Het Nederlandse grasland blijft slinken. Volgens CBS-cijfers krimpt het areaal bij melkveebedrijven dit jaar met 2%, ondanks dat de oppervlakte per bedrijf toeneemt. Lees meer over de ontwikkeling van het grasareaal, de regionale verschillen en de gevolgen voor de melkveesector.
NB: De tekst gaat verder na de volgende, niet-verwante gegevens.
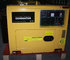 10HP super silent 5kw diesel generator  air cooling  single phase for home use supplier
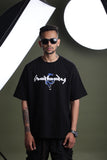 KANDY BLACK DRAGON TSHIRT
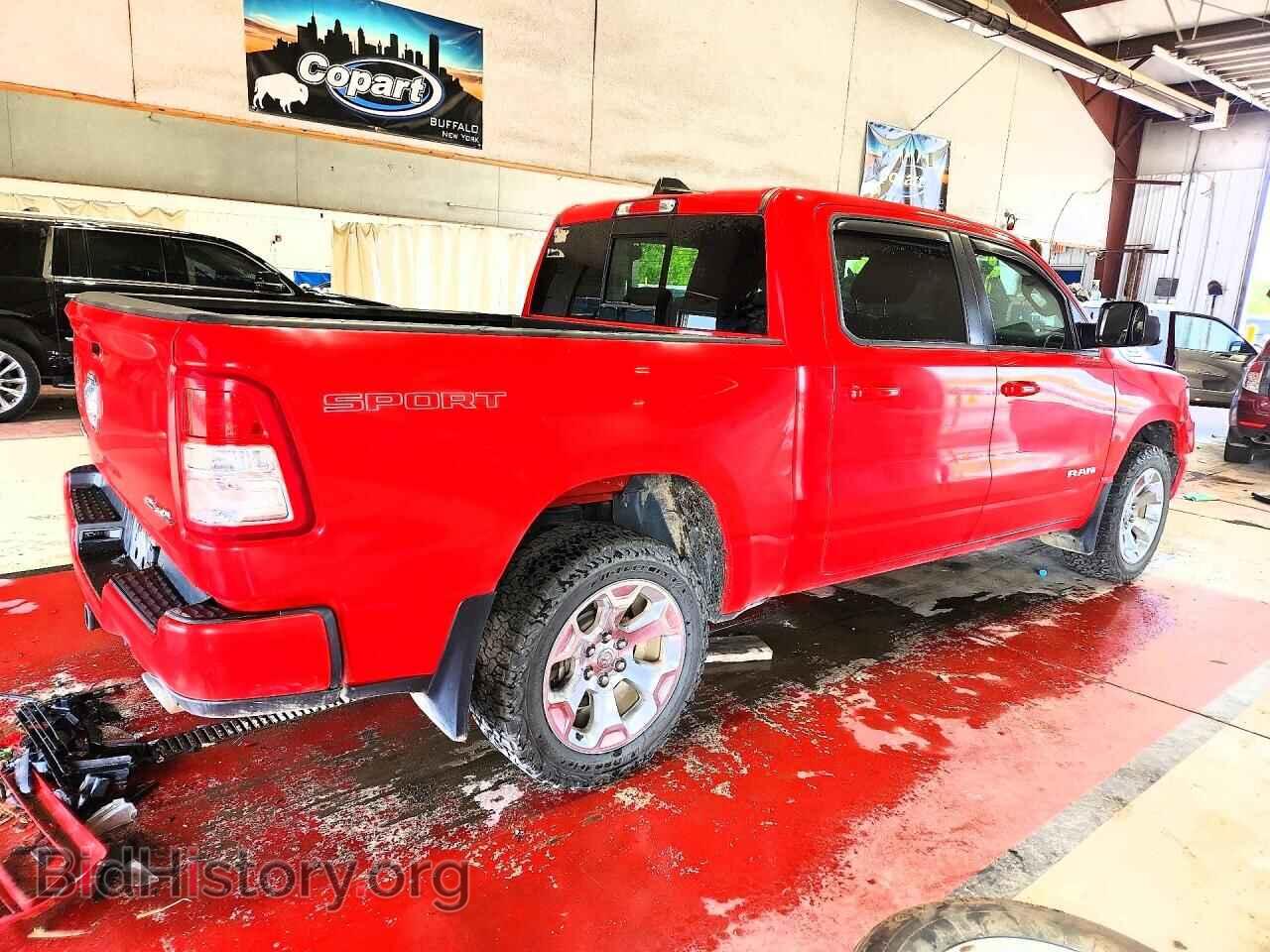 2022 RAM 1500 - VIN: 1C6SRFFT3NN454182 - Photo 3
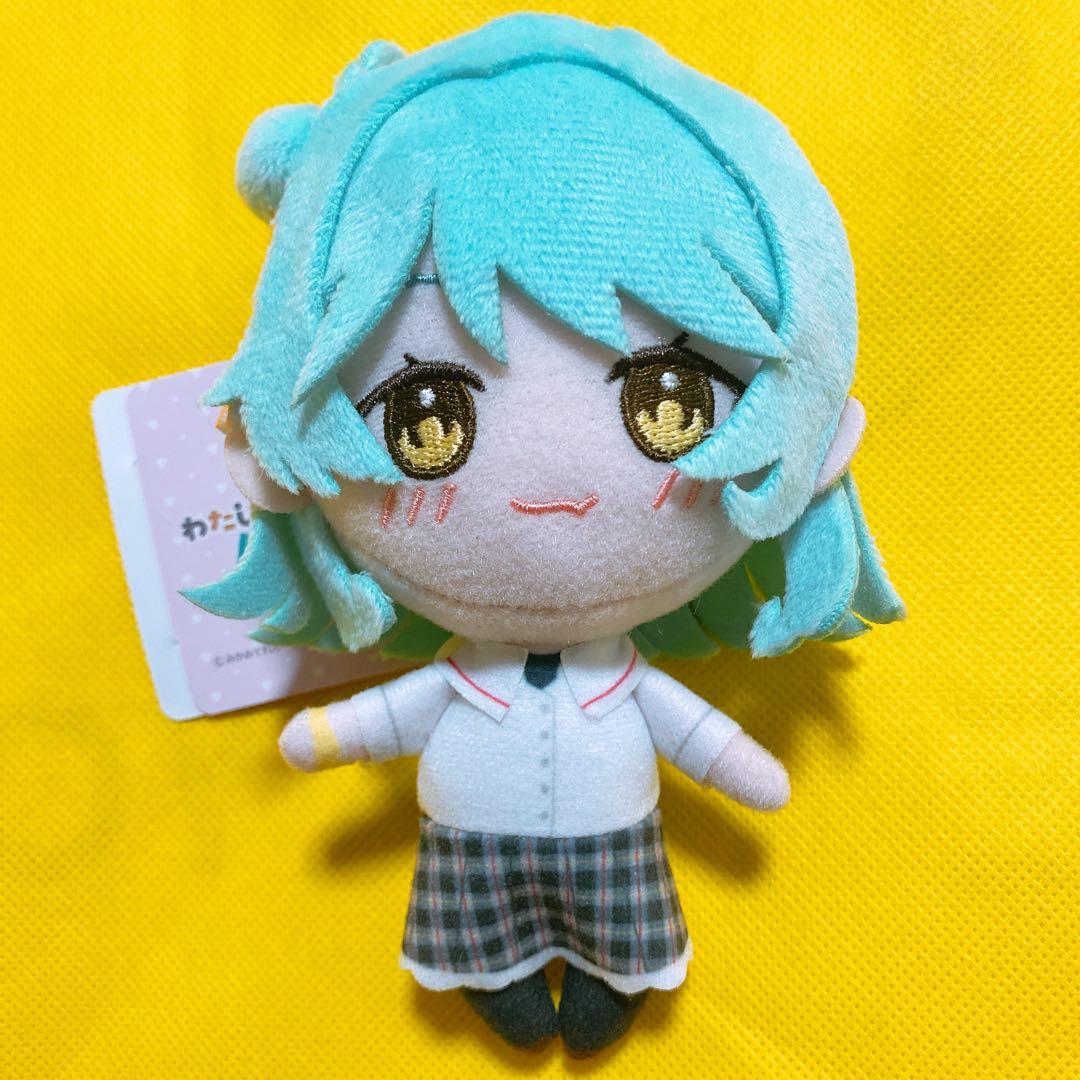 わたしが恋人になれるわけないじゃん、ムリムリ！ ふぁぶぬい 小柳香穂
De totale oppervlakte aan grasland in de Nederlandse melkveehouderij, neemt al negen jaar op rij af, zo valt op te maken uit cijfers van het statistiekbureau CBS. Na de afschaffing van de melkquotering bereikte de omvang van grasland op de melkveebedrijven in 2016 een piek van 740.480 hectare. Sindsdien is elk jaar wat grasland verloren gegaan.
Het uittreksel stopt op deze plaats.